Each record should be given again exactly as it appears, with no image included.

------------------------------

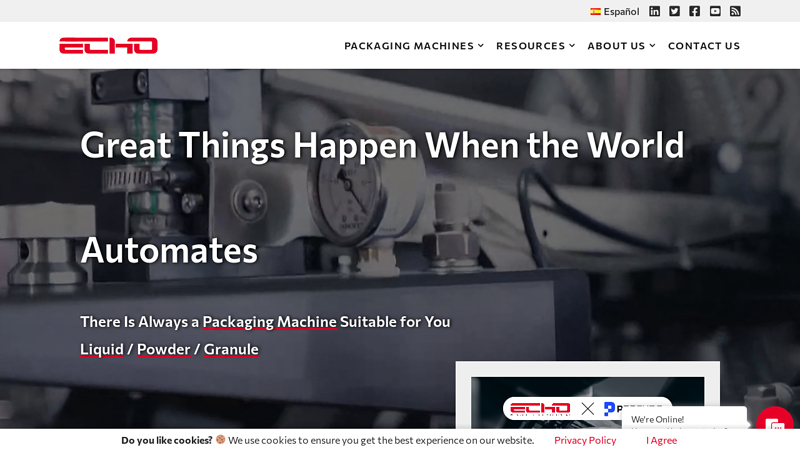 Automatic Packaging Machine Manufacturer | ECHO Machinery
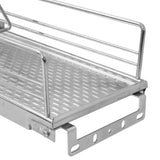 2-Tier Pull-out Kitchen Wire Basket Silver 47x15x54.5 cm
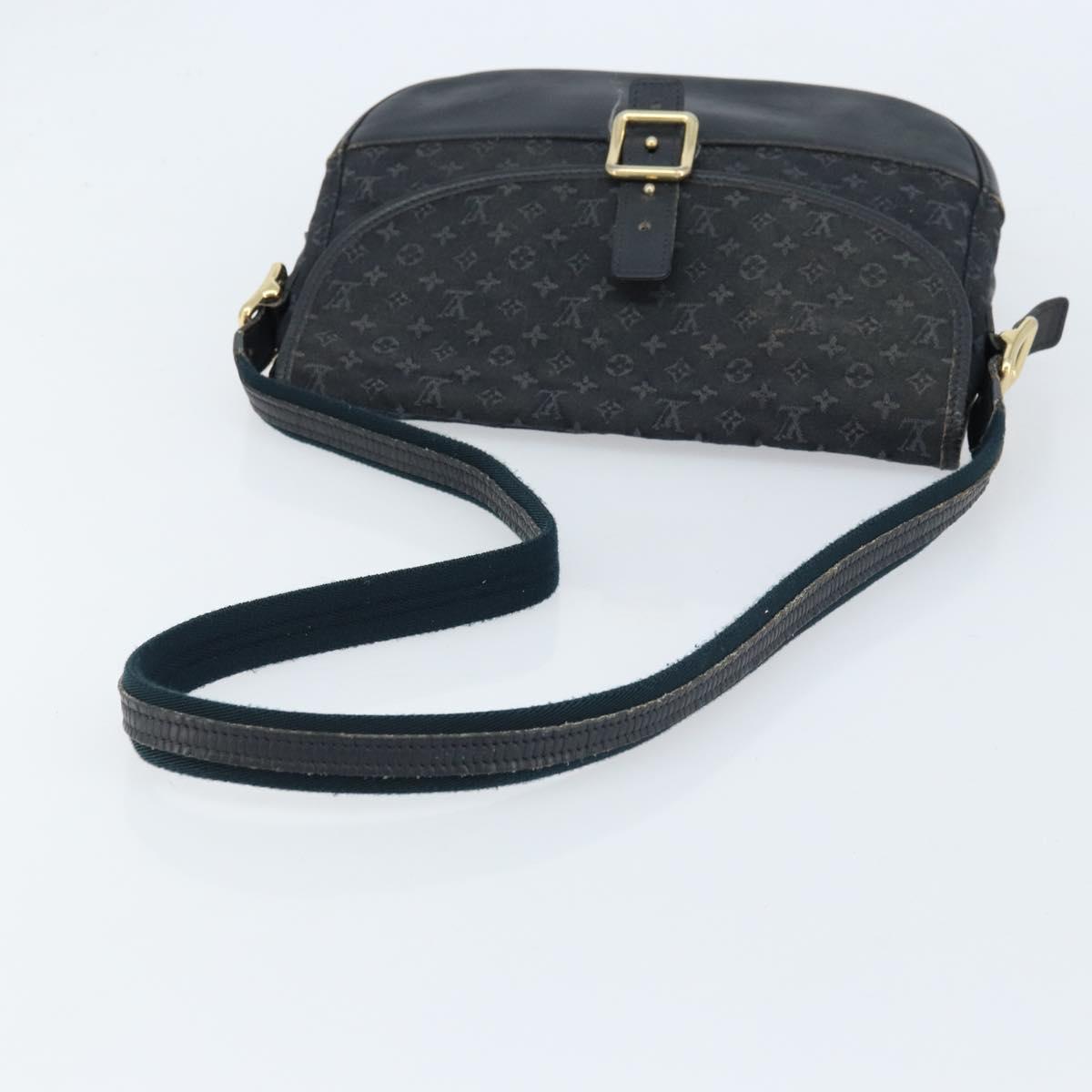 LOUIS VUITTON Monogram Mini Belanger Shoulder Bag Black M92672 LV Auth 172756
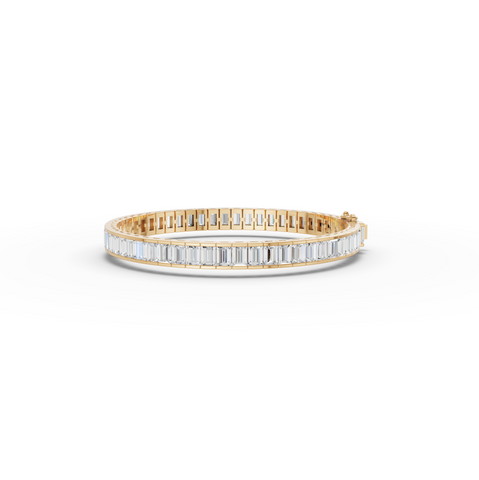 9.09 CT Baguette Lab Diamond Tennis Bracelet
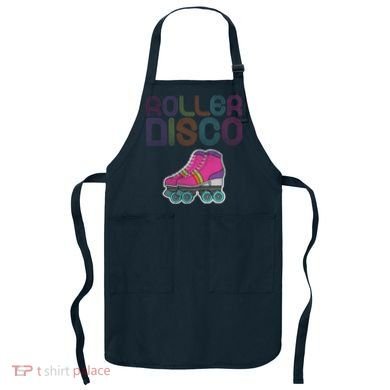 Vintage Roller Disco Skater Apron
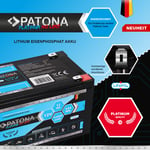 Patona Platinum LiFePO4 Batteri 12V 12Ah 144Wh 12.000mAh 700106413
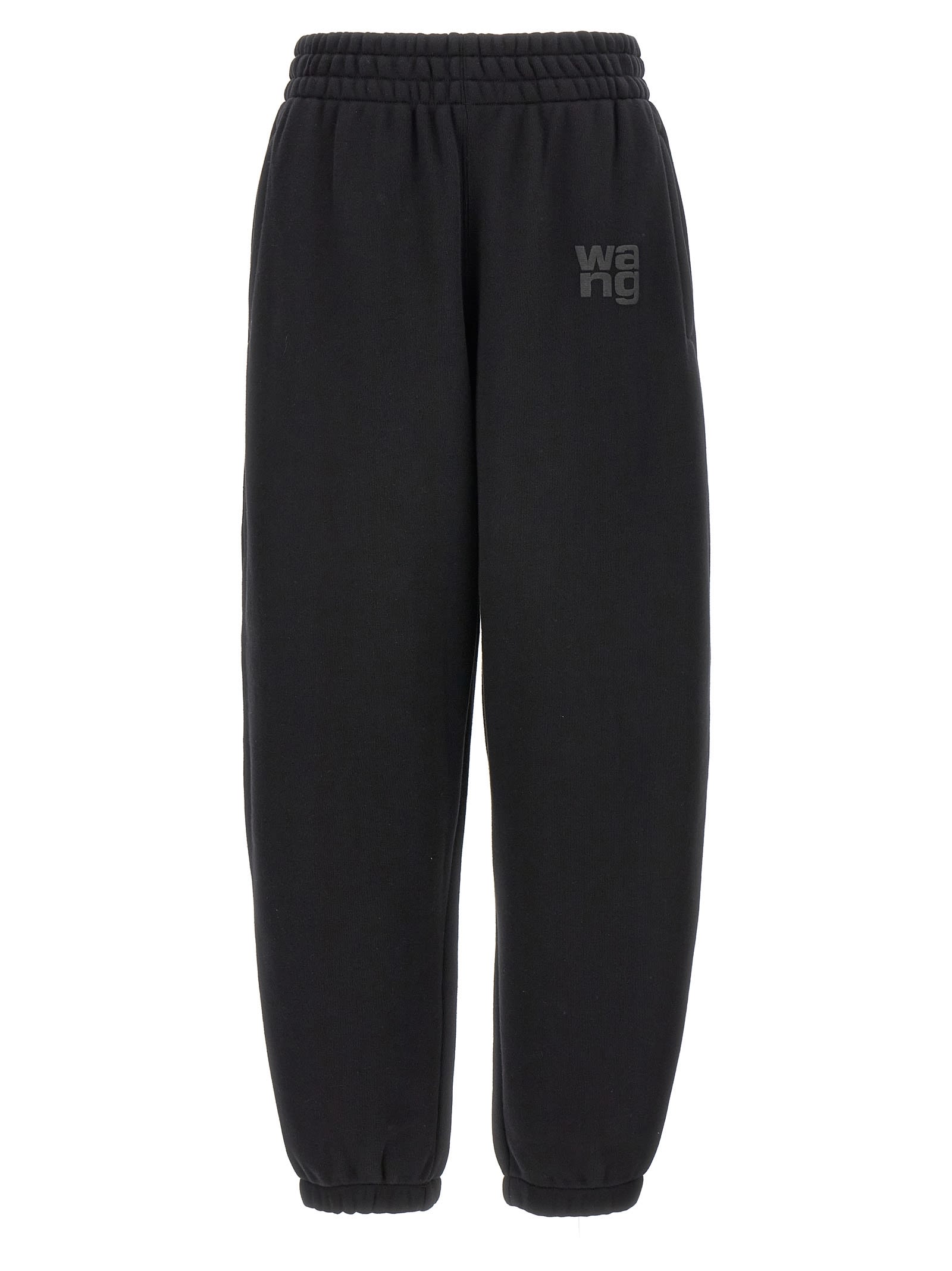 Shop Alexander Wang T Essential Terry Joggers In Black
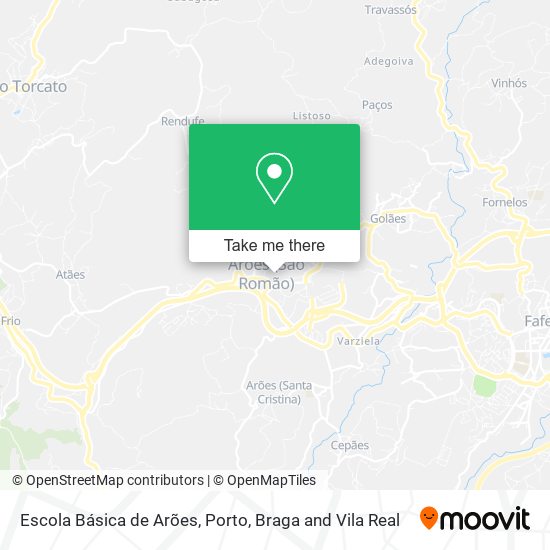 Escola Básica de Arões map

------------------------------

▶ Answer to the problem:
 Automatic Packaging Machine Manufacturer | ECHO Machinery
 2-Tier Pull-out Kitchen Wire Basket Silver 47x15x54.5 cm
 LOUIS VUITTON Monogram Mini Belanger Shoulder Bag Black M92672 LV Auth 172756
 9.09 CT Baguette Lab Diamond Tennis Bracelet
 Vintage Roller Disco Skater Apron
 Patona Platinum LiFePO4 Batteri 12V 12Ah 144Wh 12.000mAh 700106413
 Shop Alexander Wang T Essential Terry Joggers In Black
 Escola Básica de Arões map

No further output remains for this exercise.